Evans, who was released from prison in October halfway through a five-year sentence for raping a 19-year-old woman in 2011, looked poised to join the Latics on Thursday but the club pulled the plug on the deal after a storm of opposition.
Chief executive Neil Joy said the move collapsed following ”vile and abusive threats, including death threats” to fans, sponsors and staff while also claiming “p roceeding could have placed significant financial pressure on the club and continued to be a divisive influence”.
Evans’ former employers Sheffield United had also come in for heavy criticism when they offered the striker a chance to train to with them – an offer which was later withdrawn – but Owen was adamant he did not regret the Latics’ bid.
“I will never regret it,” he told the BBC’s Football League Show.
“I am hugely disappointed for many reasons that I can’t discuss.

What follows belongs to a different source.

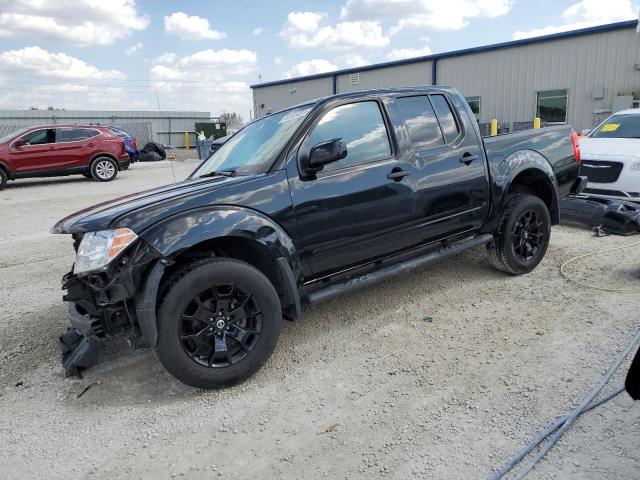 Photo 1 from auction – 2019 NISSAN FRONTIER S with VIN 1N6AD0EV2KN781846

“Oldham were going to get a footballer that in other circumstances they wouldn’t have been able to afford. This was driven by football reasons.”
Owen, who resigned as chairman of the club’s supporters’ trust last week but insisted that decision had nothing to do with the affair, admitted that, in the end, money was a big factor in cancelling the deal.
“We knew there would be a storm to bear and were prepared to accept a lot of that and take it on the chin because we believed strongly in the right to employ this man,” he said.
“We did not anticipate the amount of sponsorship pressure, which was understandable because they were under extreme pressure.
“In the end it came down purely to the finances.
“We would have been in extreme financial difficulty with the withdrawal of sponsorships we would have had to withstand and it would have put the club into serious jeopardy.”
Over 70,000 people signed a petition against the signing of Evans and, while Owen said he could understand their objections, he maintained the club were perfectly within their rights to pursue a deal.
“There is a fundamental right that the boy can work and I fully understand the opposition to it,” he said.
“I have seen the effects of rape on people, which is frightening.
“All those points came into the due diligence which we carried out. We looked and balanced everything against them but at end of the day there are no Football Association rules against the signing, no laws in the land.
“There is nothing in there to say how we should go along the rehabilitation process or anything stopping us from proceeding.
“We (the board) are all family men, we are a small club and do not have millions of pounds to withstand the pressure put on us. Every one of the directors have daughters, the chief executive has family, many members of staff have families and they were supporting this lawful act we were carrying out.”